子どもの頃の色々なんて、大人になれば関係ないのに。
……あれ?
「君といる時、マイ姉さん気分悪くなったりした?」
「ん? ああ、貧血みたいな感じでな。家まで送ってった」
カルディナが見たのはこれだ。
妊娠中のマイ姉さんになら、ユーリは当然優しく接するだろう。
ほっと安心したと同時にこんなものだろうと再確認している自分がいた。
確かにカルディナが知らない女性に優しくしているユーリを目撃したら勘違いもしてしまうだろう。
「ユーリ」
「ん?」
「カルディナには優しくしないとダメだよ?」
「いっつも優しくしてたつもりだけどな」
「いつも以上にだよ」
「んー……わかった」
それを聞くと安心する。
まあ、ユーリはカルディナにべた惚れだから心配ないか。
心が軽くなったところで帰ることにする。
「僕はこれで」
「もう帰るのかよ」
「……寂しい?」
「殴るぞ」
「言葉と同時は遠慮したいね」
左のストレートをかわし、やれやれとため息をつく。
少しは元気になったみたいだ。
「明日」
「ん?」
「明日、カルディナを迎えに来てくれないか?」
「……」
「ユーリが悪いわけじゃないけど、カルディナを不安にさせるのは駄目だよ」
「わかった。
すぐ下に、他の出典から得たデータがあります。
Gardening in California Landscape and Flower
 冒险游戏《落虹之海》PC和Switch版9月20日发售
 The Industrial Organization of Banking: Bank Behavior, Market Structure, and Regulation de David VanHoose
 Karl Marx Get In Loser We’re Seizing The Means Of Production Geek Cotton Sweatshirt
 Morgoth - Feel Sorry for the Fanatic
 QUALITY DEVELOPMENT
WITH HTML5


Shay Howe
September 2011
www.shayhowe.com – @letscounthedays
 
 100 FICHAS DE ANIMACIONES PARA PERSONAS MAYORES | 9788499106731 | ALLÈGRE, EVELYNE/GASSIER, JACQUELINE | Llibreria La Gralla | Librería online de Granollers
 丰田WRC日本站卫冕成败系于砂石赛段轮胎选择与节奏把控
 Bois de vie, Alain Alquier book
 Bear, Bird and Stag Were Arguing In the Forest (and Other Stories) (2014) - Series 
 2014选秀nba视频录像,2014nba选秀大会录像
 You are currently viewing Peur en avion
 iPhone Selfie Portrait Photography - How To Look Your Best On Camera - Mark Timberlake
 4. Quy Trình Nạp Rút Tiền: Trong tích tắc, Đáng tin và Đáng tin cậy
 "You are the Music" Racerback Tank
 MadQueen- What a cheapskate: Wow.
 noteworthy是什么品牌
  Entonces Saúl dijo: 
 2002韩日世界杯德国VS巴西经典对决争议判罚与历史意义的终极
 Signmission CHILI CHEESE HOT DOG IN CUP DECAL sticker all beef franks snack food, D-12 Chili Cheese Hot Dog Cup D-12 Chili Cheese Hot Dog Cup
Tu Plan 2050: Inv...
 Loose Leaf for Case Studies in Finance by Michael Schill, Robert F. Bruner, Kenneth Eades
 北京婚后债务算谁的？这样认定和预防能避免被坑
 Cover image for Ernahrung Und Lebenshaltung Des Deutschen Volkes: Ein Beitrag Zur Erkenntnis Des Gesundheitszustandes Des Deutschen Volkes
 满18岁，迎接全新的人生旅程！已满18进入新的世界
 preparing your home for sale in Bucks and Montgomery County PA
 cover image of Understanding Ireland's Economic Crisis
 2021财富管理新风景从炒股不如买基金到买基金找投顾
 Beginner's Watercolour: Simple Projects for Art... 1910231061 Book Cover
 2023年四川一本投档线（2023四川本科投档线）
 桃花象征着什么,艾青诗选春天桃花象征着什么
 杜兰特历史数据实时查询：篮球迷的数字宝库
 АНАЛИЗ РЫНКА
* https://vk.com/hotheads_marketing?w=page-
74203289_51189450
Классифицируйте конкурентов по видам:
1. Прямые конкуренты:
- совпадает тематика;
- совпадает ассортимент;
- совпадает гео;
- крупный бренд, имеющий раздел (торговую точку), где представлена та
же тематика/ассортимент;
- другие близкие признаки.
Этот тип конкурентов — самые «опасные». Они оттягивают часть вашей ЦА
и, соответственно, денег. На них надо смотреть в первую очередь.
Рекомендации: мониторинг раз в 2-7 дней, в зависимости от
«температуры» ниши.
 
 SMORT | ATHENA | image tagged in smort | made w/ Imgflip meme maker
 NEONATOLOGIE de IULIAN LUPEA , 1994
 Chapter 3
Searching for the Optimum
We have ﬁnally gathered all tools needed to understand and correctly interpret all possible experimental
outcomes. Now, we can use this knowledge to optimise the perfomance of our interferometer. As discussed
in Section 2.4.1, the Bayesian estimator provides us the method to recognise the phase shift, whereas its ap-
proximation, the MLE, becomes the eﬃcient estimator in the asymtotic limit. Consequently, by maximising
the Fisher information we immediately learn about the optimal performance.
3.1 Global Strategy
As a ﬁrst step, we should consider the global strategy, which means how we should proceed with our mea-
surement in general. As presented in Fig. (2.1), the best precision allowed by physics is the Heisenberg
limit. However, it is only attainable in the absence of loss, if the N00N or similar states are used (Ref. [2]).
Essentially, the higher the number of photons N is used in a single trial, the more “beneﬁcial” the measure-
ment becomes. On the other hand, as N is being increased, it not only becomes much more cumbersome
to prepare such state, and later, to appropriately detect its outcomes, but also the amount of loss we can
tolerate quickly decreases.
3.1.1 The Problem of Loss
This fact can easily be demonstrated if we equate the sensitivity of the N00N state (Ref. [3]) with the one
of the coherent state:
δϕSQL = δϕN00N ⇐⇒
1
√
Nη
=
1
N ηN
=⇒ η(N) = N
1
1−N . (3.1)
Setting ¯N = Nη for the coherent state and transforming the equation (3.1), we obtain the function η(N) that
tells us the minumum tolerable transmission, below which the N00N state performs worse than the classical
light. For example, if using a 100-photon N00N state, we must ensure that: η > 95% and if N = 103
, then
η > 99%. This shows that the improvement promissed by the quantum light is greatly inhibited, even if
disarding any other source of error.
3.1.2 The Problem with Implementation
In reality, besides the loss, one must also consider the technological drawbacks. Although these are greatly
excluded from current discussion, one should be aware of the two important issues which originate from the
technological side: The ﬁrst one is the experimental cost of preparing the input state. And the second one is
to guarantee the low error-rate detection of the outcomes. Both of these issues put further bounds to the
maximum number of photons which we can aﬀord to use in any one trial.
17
迎えに行く。で、マイ姉のこと説明したらいいんだな」
ユーリもちゃんとわかってる。
ほんの少しのすれ違いなんてすぐに直せるんだ。
彼らは『夫婦』なのだから。
***
「カルディナ?」
「お帰りなさい、フレン。ありがとう、ごめんね」
いつもより愛らしく、泣きはらした笑顔で迎え入れてくれる。
「カルディナ……」
溢れるのは友愛の感情。
こんな友人を放っておくことはできない。
「大丈夫だよ、カルディナ。明日ユーリが迎えにきてくれる」
そう告げれば彼女は体を大きく震わせた。
「大丈夫。ゆっくり話をしよう? 僕も一緒にいるから」
「うん……」
彼女の不安も悩みもきっとすぐに消えてなくなる。
わりと楽しかった同居生活も今日で終わりだ。
ほんの少し寂しくて、けれど親友たちの仲直りが何より嬉しかった。